Description of the task: Copy each entry below verbatim. Skip the pictures.

Data for analysis:
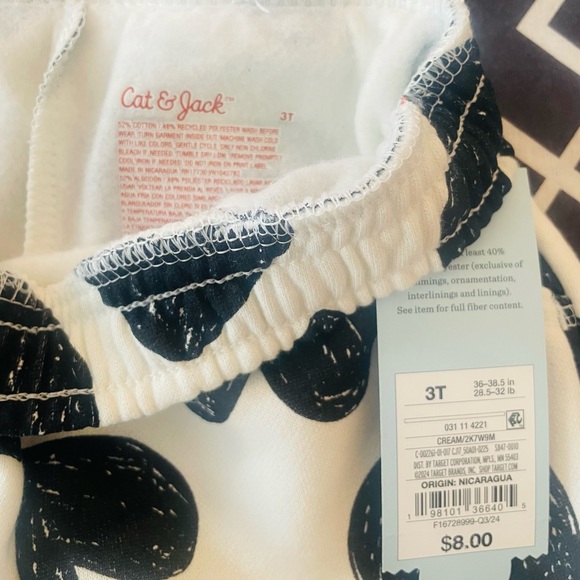 Cat & Jack Black Heart Print Sweat Shirt with matching Jogger Pants - Picture 5 of 5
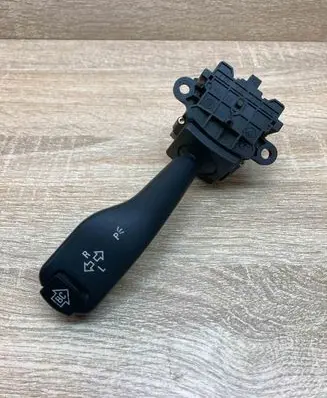 BMW 5 E39 Indicator stalk 8363668 01104010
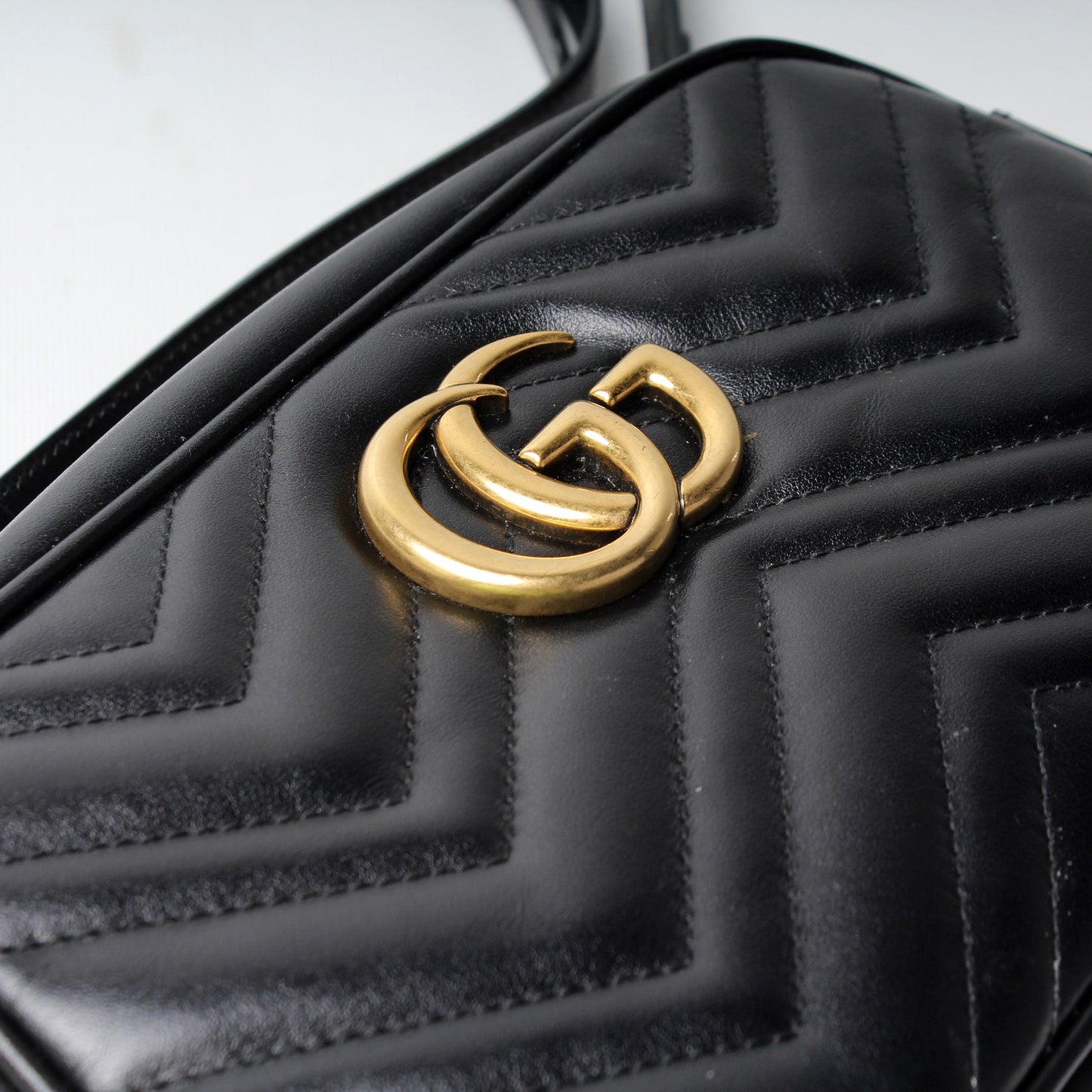 447632 Marmont Small Leather Camera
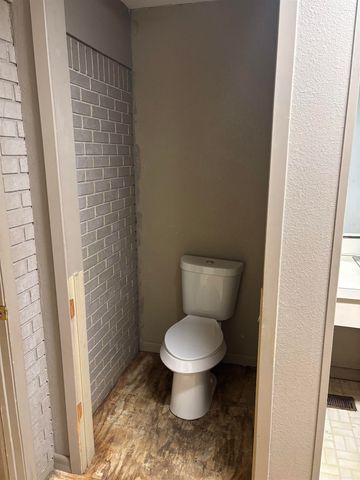 906 W Louisiana Street, Beebe, AR 72012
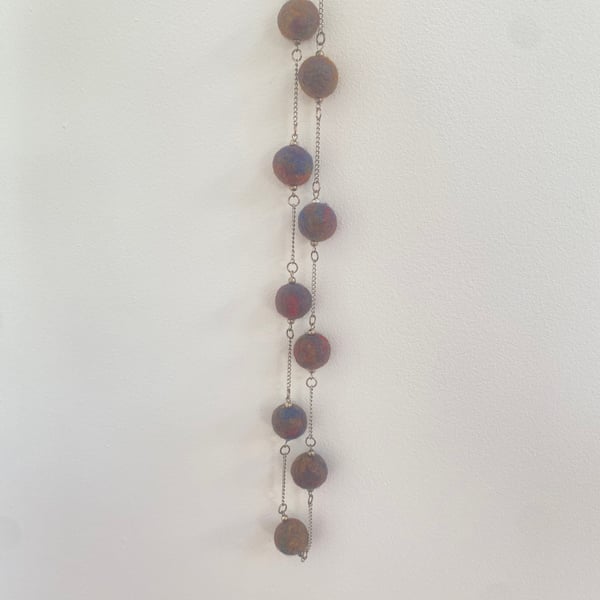 Felt Necklace. (809)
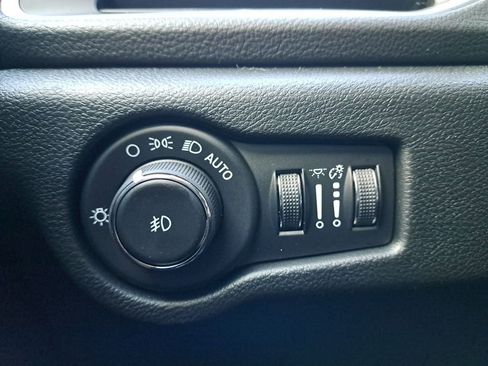 New 2026 Chrysler Pacifica Limited w/ Uconnect Theater Family Group image 26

Reply:
 Cat & Jack Black Heart Print Sweat Shirt with matching Jogger Pants - Picture 5 of 5
 BMW 5 E39 Indicator stalk 8363668 01104010
 447632 Marmont Small Leather Camera
 906 W Louisiana Street, Beebe, AR 72012
 Felt Necklace. (809)
 New 2026 Chrysler Pacifica Limited w/ Uconnect Theater Family Group image 26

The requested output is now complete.